La Primavera di Galván è un trionfo del ritmo

di Luigi Fertonani

Il ritmo particolare, subito riconoscibile per la sua geniale irregolarità, è alla base della Sagra della Primavera di Igor Stravinskij e lo spettacolo al Grande, con Israel Galván per la «Consagración de la Primavera», ne è poderosa conferma. A un lato della scena si affrontano due pianoforti a coda, con Andrea Rebaudengo e Valentina Messa, poi entra Galván: ha disseminato la scena di piccole pedane, assi, tamburelli baschi e tamburi a cornice che faranno da ulteriore cassa armonica al ritmo incalzante dei suoi piedi calzati e chiodati, per rendere il più possibile udibili i suoi effetti sonori. Galván segue con i suoi ritmi – con effetti ora morbidi ora addirittura stridenti – tutti gli accenti della celebre partitura con effetti di parossistico «potenziamento» di un percorso che, partendo dall’assolo iniziale del fagotto, raggiungerà toni quasi orgiastici nella Danza dell’Eletta.
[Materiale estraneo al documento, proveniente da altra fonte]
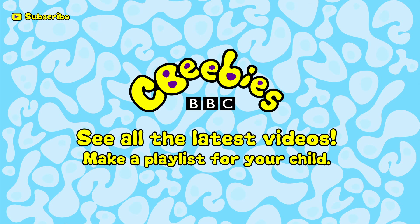Find out when we add new clips and build a playlist especially for your child by subscribing for free to the CBeebies YouTube channel.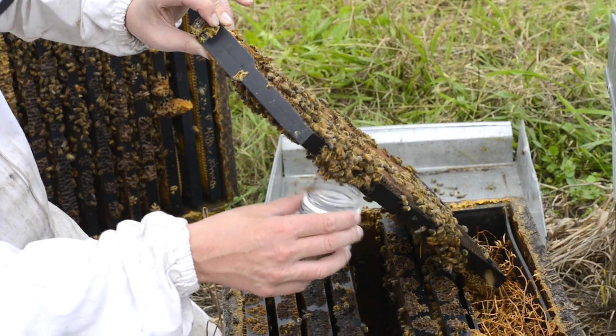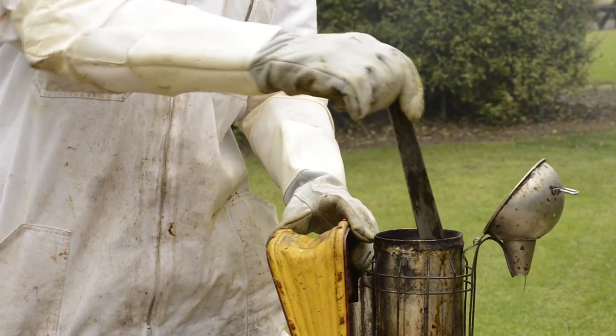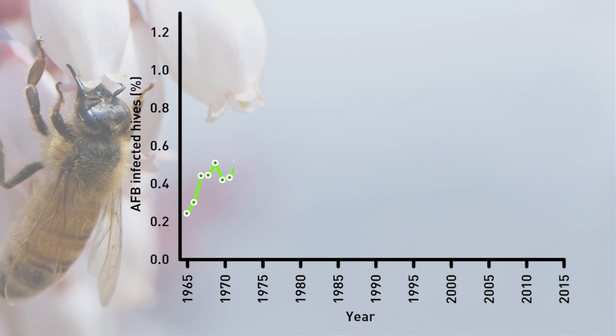The videos are set out in about three or four minute chunks and cover quite a range of different topics. The first one talks about the history of American foulbrood control in New Zealand and makes some really important points about that and what we can learn from it.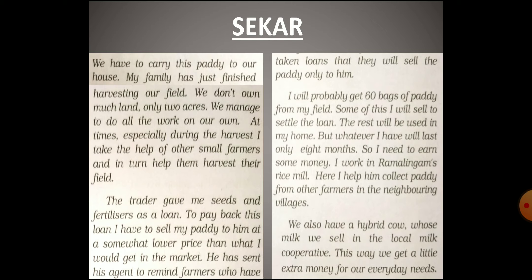The trader pays quite less than the market price, but Sakar and other small farmers like him do not have a choice. The trader even sends his agents to remind those farmers who took a loan that they must sell their paddy to him only. Sakar gets around sixty bags of paddy from his field, out of which he uses some bags to repay or settle the loan. The remaining bags he keeps for home use, but this is not sufficient for the whole year and finishes in about eight months.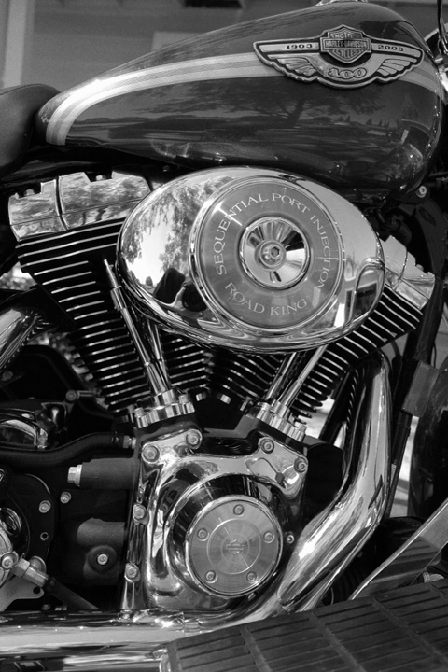Gottlieb Daimler built a V-twin engine in 1889. It was used as a stationary power plant and to power boats. It was also used in Daimler's second automobile, the 1889 Stahlradwagen. The engine was also manufactured under licence in France by Panhard et Levassor.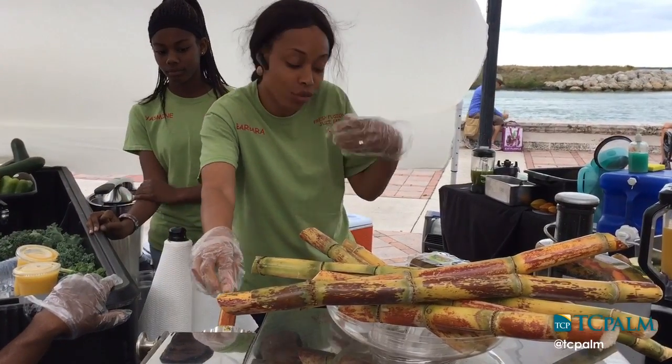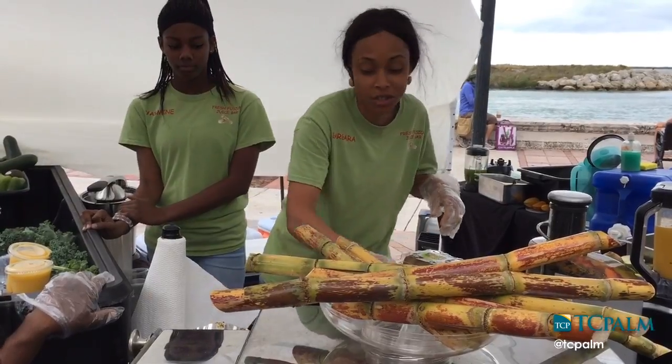We're juicing the fresh cane. We're extracting the juice from the fresh sugar cane sticks.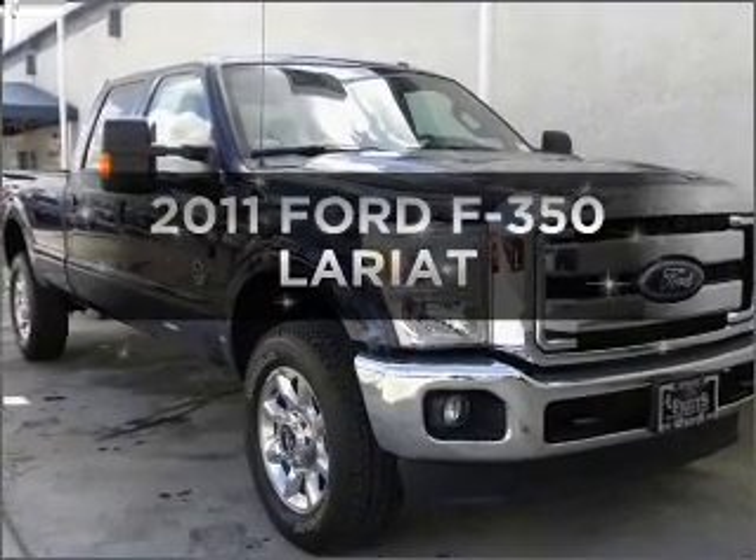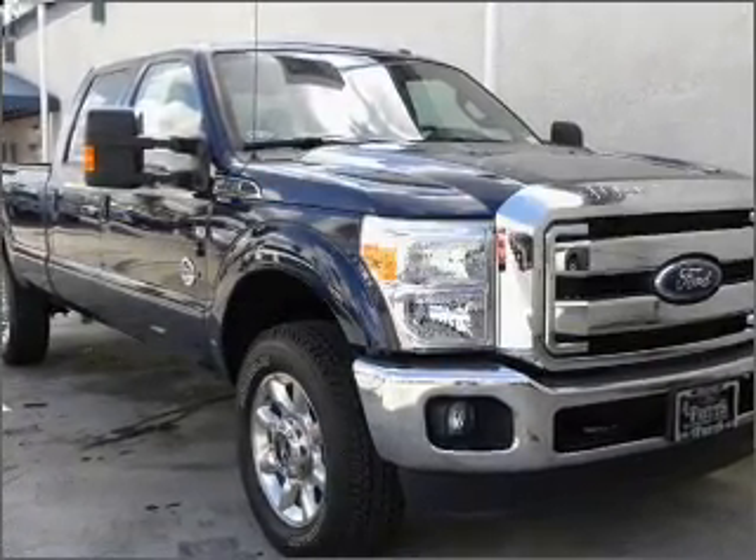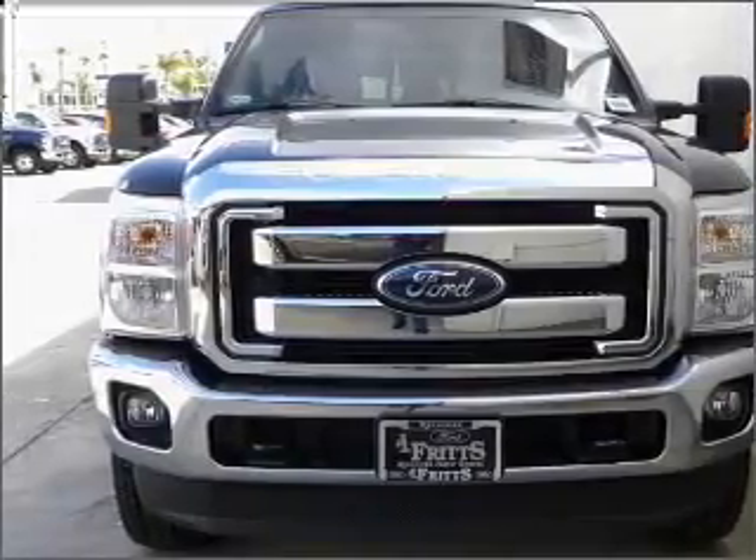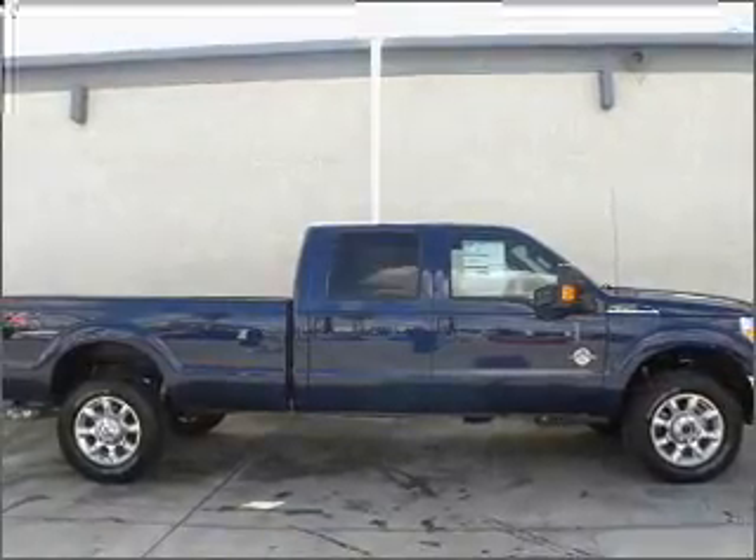Introducing the 2011 Ford F-350. Everything you need under one roof with this great vehicle. With a powerful 8-cylinder engine connected to a smooth shifting automatic transmission.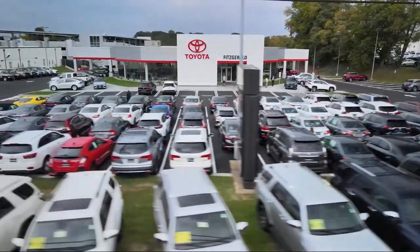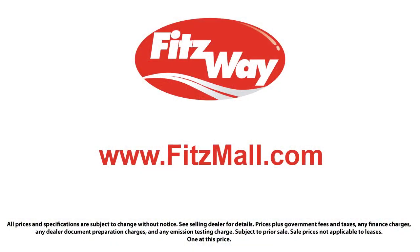The Fitzway puts the customer first with honesty, respect, and a total commitment to customer satisfaction. That's the Fitzway.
Il danzatore non usa gli strumenti a terra con le mani ma con i piedi. Danza nella danza: è in eterno movimento, sottolineando il contrasto fra la sua instancabile mobilità e la necessaria staticità dei due pianoforti, che hanno offerto uno spettacolo strepitoso. Dopo la Sonata di Scarlatti e un brano di Bartòk, arriva una Sevillana del ’700 in cui Galván, nello spazio lasciato tra le code dei due pianoforti, sembra voler evocare una «riconciliazione» col suo genere prediletto, il flamenco. Galván piega la sua gestualità a un’espressività particolare, ma rimane sempre uno straordinario ed entusiasta danzatore di flamenco. Velocissimi ritmi fanno risuonare le tavole del palco, suscitando l’entusiasmo di un pubblico giustamente caloroso. •.